Abstract Details

Neuronal cell death and degeneration are most apparent hours to days post TBI suggesting crosstalk between neurons, glia, and endothelial cells. We lack specific TBI biomarkers for accurate diagnosis and possible targets for therapy. Understanding the intercellular communication driving secondary brain injury will enable identification of potential therapeutic targets and development of diagnostic biomarkers.

N2a cells (a mouse neuroblastoma cell line) will be differentiated into neuron-like cells using either retinoic acid (RA) for cortical type neurons or dibutyryl-cAMP (dcAMP) for dopaminergic neurons on Bioflex^® silastic membrane plates. Cell Injury Controller II will be used to injure neuron-like cells grown on a silastic membrane by inducing a biaxial stretch injury from expelled inert gas resembling physical stress experienced by brain cells during a TBI. Using selective elimination and filtration the class of molecules present in conditioned media most responsible for promoting secondary brain injury will be determined by using metabolic approaches, immunohistochemistry, and cell viability assays.

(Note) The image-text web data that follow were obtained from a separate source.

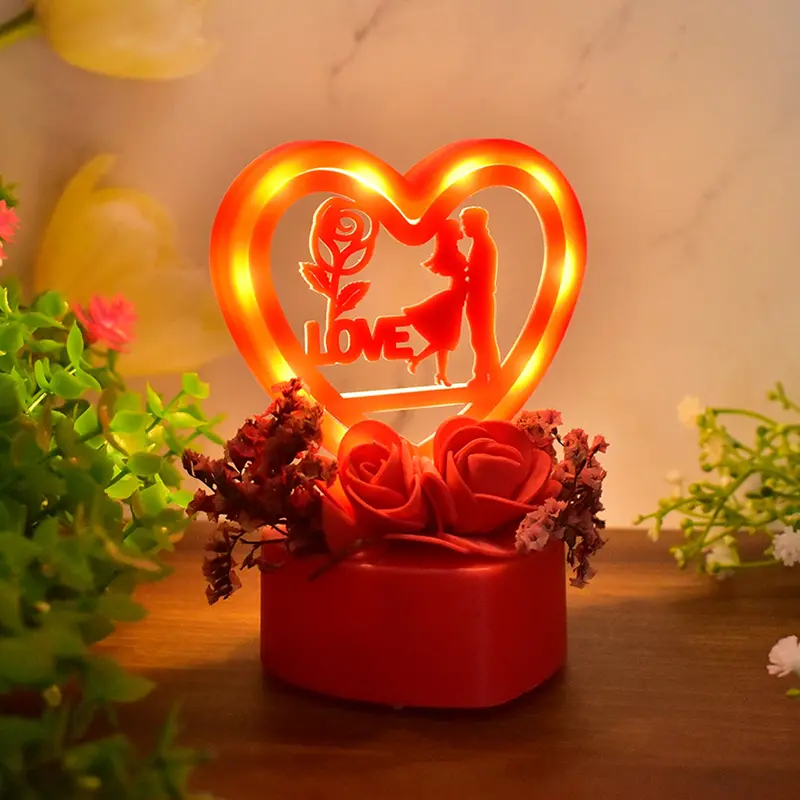 Heart-Shaped Couple Decor Statue With Rose Accent Base 1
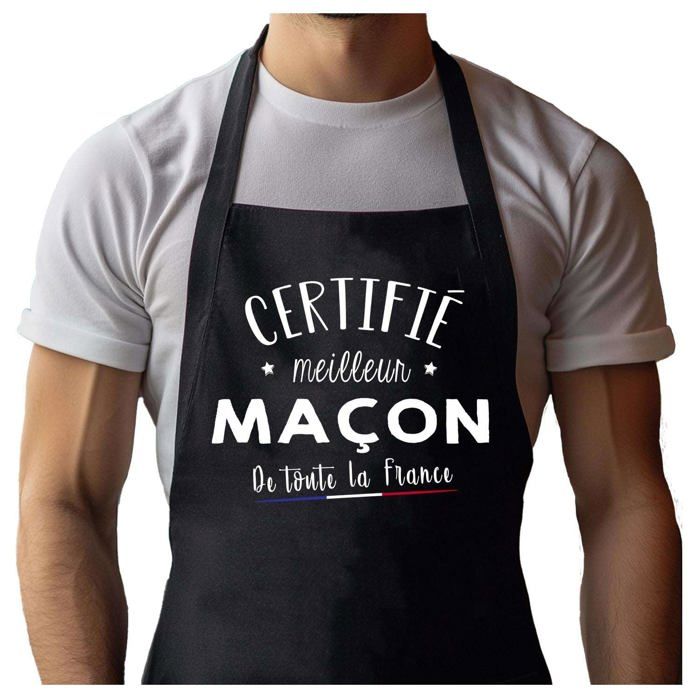 Tablier de cuisine - Maçon Certifié Meilleur de France - Noir - Coton résistant - Impression bretonne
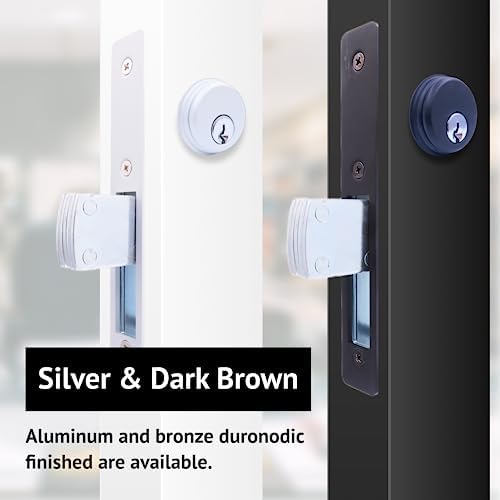 elox Swinging Narrow Stile Deadbolt Lock in Dark Bronze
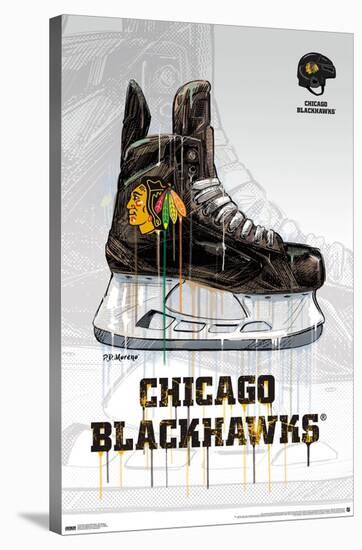 NHL Chicago Blackhawks - Drip Skate 21-Trends International-Stretched Canvas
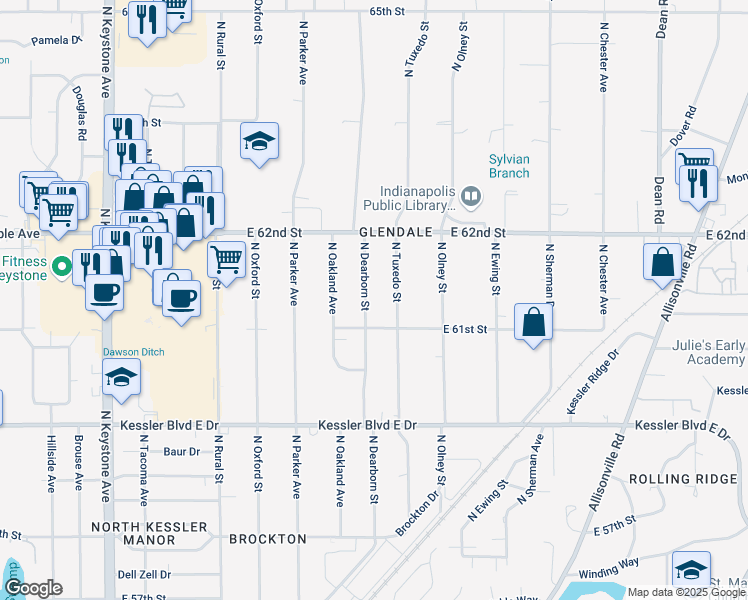 map of restaurants, bars, coffee shops, grocery stores, and more near 6150 North Tuxedo Street in Indianapolis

Factors released by mechanically injured N2a cells promote apoptosis in naïve N2a cells. Preliminary data from our in vitro model of secondary brain injury suggests that conditioned media from injured differentiated neuron-like cells may also affect the health of naïve neuron-like cells providing a more biorelevant platform to identify the factors most responsible for driving secondary brain injury using methods above.